CHE 296 Lecture 6 Terms

Ribozymes

RNA molecules that act as enzymes.

Transition-State Hydrogen Bonding

A single hydrogen bond to the transition state can increase reaction rate by more than 100-fold.

E, S, and P Notation

E = enzyme, S = substrate, P = product.

Arrhenius Equation

k = A e^(-Ea/RT)

Pre-Exponential Factor (A)

Constant in the Arrhenius equation related to collision frequency and orientation.

Ea in Arrhenius Equation

Activation energy.

R in Arrhenius Equation

Gas constant.

T in Arrhenius Equation

Absolute temperature in kelvin.

Lowering Ea and Rate

Lowering activation energy increases reaction rate.

Key Questions in Process Chemistry

How much product can be made and how quickly it can be made.

Enzyme Activity Units

Usually reported as U/mL.

Definition of One Enzyme Unit

Amount of enzyme that converts 1 μmol of substrate per minute under specified conditions.

Factors Affecting Enzyme Units

Temperature, pH, substrate concentration, and presence of inhibitors or activators.

How Enzymes Are Made

Often produced biologically using recombinant DNA technology in microbes or cell cultures.

Enzyme Purity

Enzymes may be purified or used in mixtures depending on production method.

Enzyme Performance Optimization

Optimized by temperature, pH, and substrate concentration.

Temperature Effect on Enzymes

Increasing temperature generally increases activity until denaturation becomes significant.

pH and Temperature Activity Curve

Typically bell-shaped with an optimum.

Why Enzymes Have Different Optima

Their amino acid composition and structure affect stability and activity.

High-Temperature Denaturation

Elevated temperatures can denature enzymes and destroy catalytic activity.

Competing Rate for Catalysis (k2)

Rate constant describing product-forming step.

Competing Rate for Denaturation (kd)

Rate constant describing enzyme deactivation or denaturation.

Why k2 and kd Are Not Directly Comparable

They may have different units.

Temperature Effect on kd

kd often increases sharply with temperature because denaturation has a high activation barrier.

Long Exposure at High Temperature

Prolonged exposure can significantly denature proteins.

Rate of Product Formation

Depends on concentration of the enzyme-substrate complex.

Units of Reaction Rate

Amount per time, often mol/time.

Overall Reaction Speed

Determined by k2 and the concentration of ES complex.

How to Increase Reaction Speed

Increase k2 or increase concentration of ES complex.

Vmax

Maximum reaction rate when substrate is not limiting.

Vmax Equation

Vmax = kcat[E]total

Fast ES Formation Assumption

Formation of the ES complex is often much faster than product formation.

Negligible Reverse Reaction Assumption

At initial times, reverse reaction is often negligible because product is low.

Binding Constant

Measure of enzyme-substrate binding strength.

Substrate Affinity

Describes how strongly a substrate binds to an enzyme.

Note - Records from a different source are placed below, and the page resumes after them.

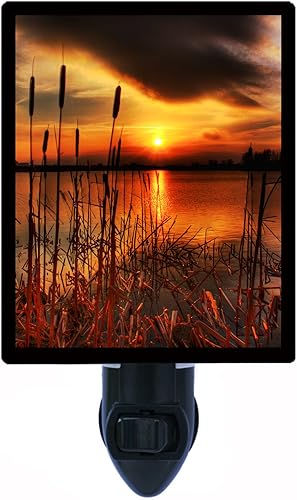 Bullrush Puesta de sol Luz NocturnaLuz LED de Noche disponible en Yaxa El Salvador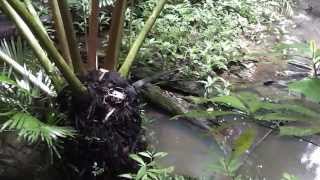 Massive King Ferns at Vision Falls Lake Eacham Atherton Tablelands Australia [upl. by Fey]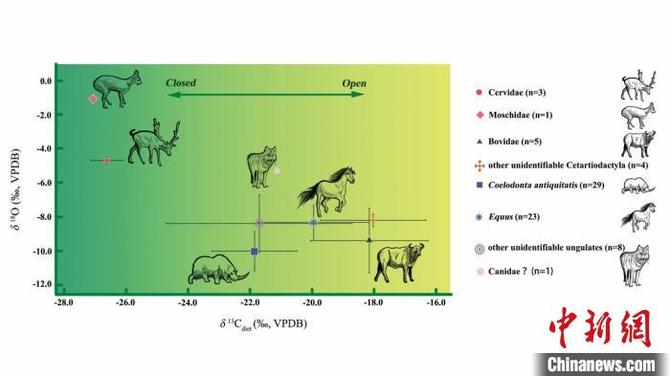 麻地溝遺址動物群生態(tài)位重建。　徐哲 供圖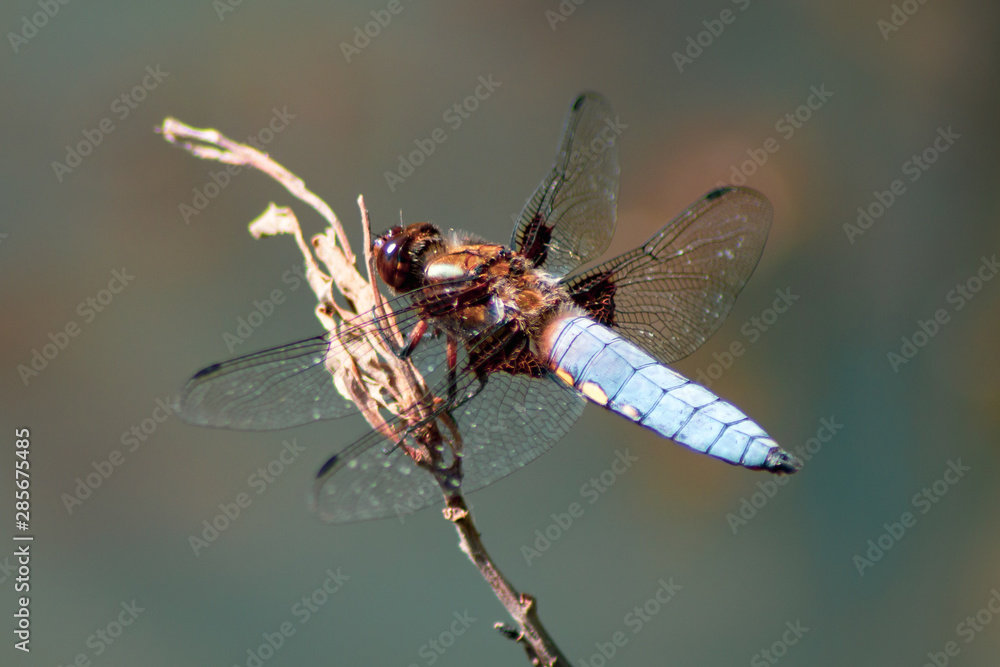 Broad-Bodied Chaser - Dragonfly - Libellula Depressa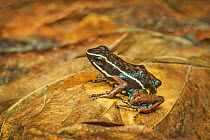 Poison dart frog (Ameerega hahneli) on rainforest floor, Amazon Basin, Ecuador. June.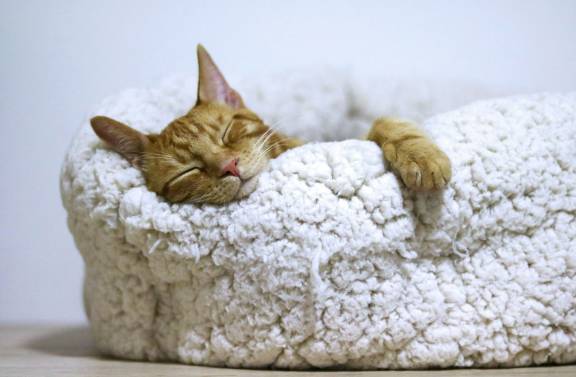 털로 된 바구니에서 잠을 자고 있는 고양이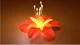 Phoenix Flower
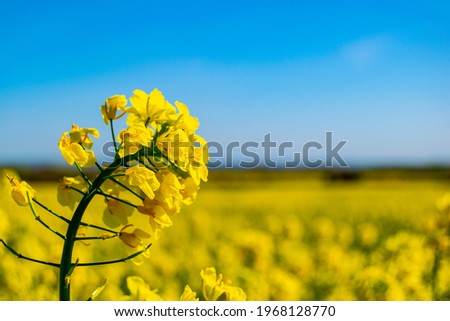 Detail of flowering rapeseed canola or colza field in rural british lands, plants for green energy and oil industry, rape seed flowering landscape with clear blue sky and blurry background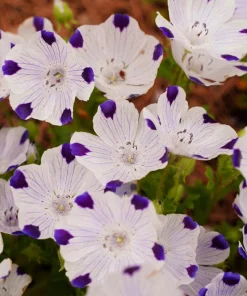 Five Spot Nemophila Maculata Flower Seeds - White & Purple, 750 Seeds - Image 8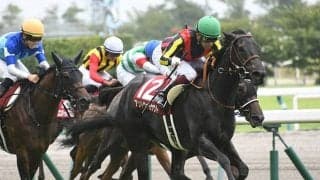 【AI予想】ソダシが人気を集めそうな秋華賞で“連軸として狙う分には妙味ある1頭”を検証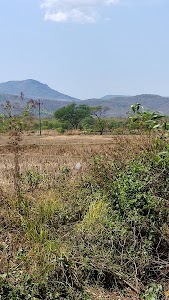 Rangamatia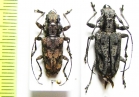 Steirastoma breve, S.melanogenys  Peru - INSECTS-STORE.RU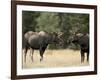 Two Bull Moose Facing Off before Play Fighting, Roosevelt National Forest, Colorado, USA-James Hager-Framed Photographic Print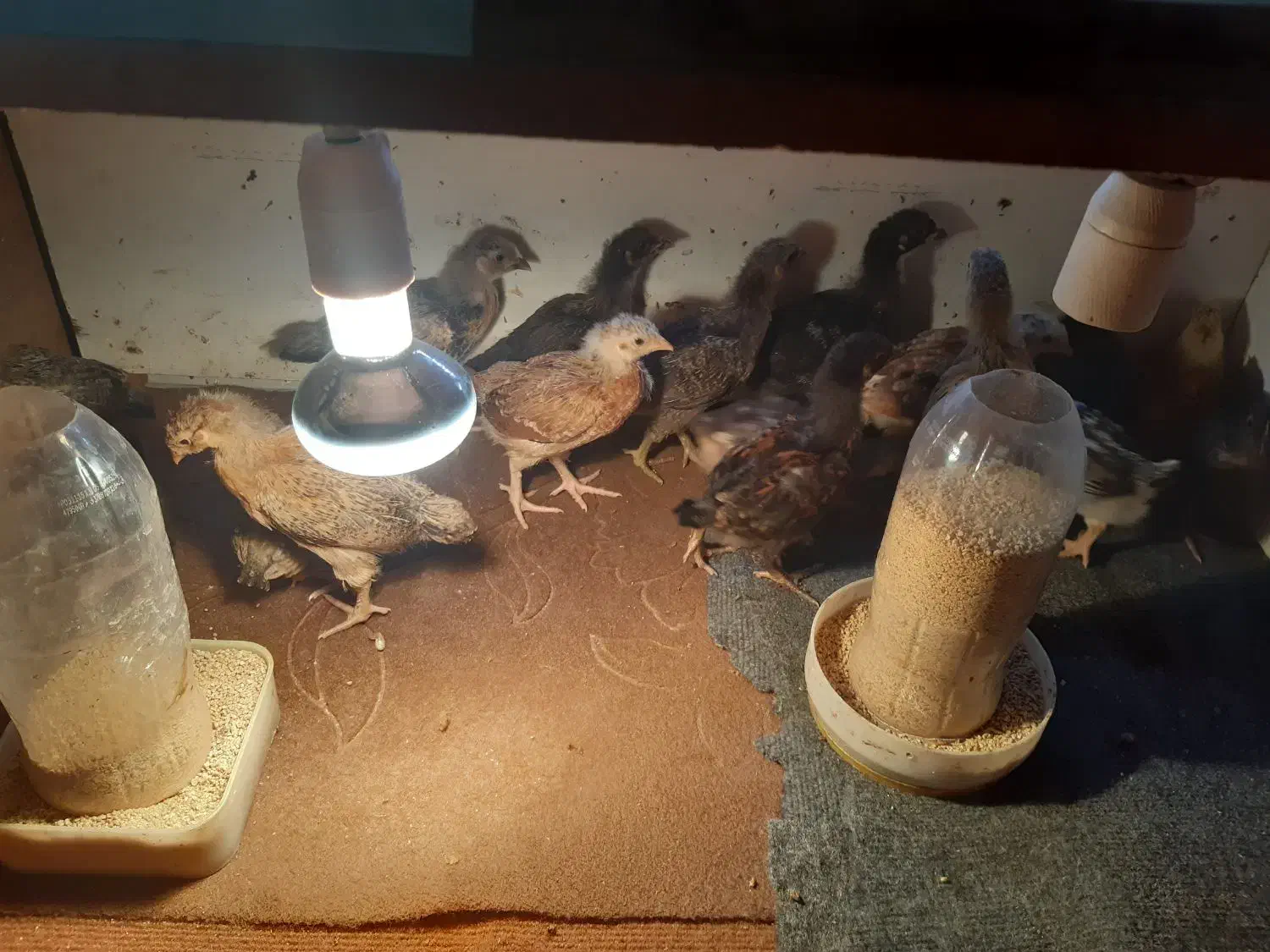 جوجه یک ماهه|حیوانات مزرعه|رشت, شهرک آیت الله منتظری|دیوار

Rapid Equilibrium Assumption

Assumes ES forms quickly and approximates binding equilibrium.

Enzyme Saturation

Condition where most or all active sites are occupied by substrate.

Briggs-Haldane Assumption

Quasi-steady-state assumption used to analyze enzyme kinetics.

Initial-Rate Experiments

Measure rate early in the reaction before much product accumulates.

Lineweaver-Burk Plot

Plot of 1/v versus 1/[S] used to estimate Vmax and Km.

Lineweaver-Burk Axes

x-axis = 1/[S], y-axis = 1/v.

Vmax from Lineweaver-Burk Plot

Determined from the y-intercept, 1/Vmax.

Km from Lineweaver-Burk Plot

Determined from the x-intercept, -1/Km.

Double-Reciprocal Transformation

Linearizes the Michaelis-Menten equation.

Eadie-Hofstee Equation

Alternative linear transformation used in enzyme kinetics.

Hanes-Woolf Equation

Alternative linear transformation used in enzyme kinetics.

Noncompetitive Inhibition

Inhibitor binds at a site other than the active site and lowers activity.

Effect of Competitive Inhibition on Kinetics

Increases apparent Km but does not change Vmax.

Effect of Noncompetitive Inhibition on Kinetics

Decreases Vmax without changing Km in the ideal case.

Competitive Inhibitors

Often resemble the substrate and compete for the active site.

Altering a Reaction Rate Down

Reaction rate can be decreased by inhibitors or unfavorable conditions.

Bimolecular Reaction

Reaction involving two reactants, such as A + B → P.

Bimolecular Rate Law

v = k[A][B]

Pseudo First-Order Reaction

Bimolecular reaction simplified to first-order when one reactant is in excess.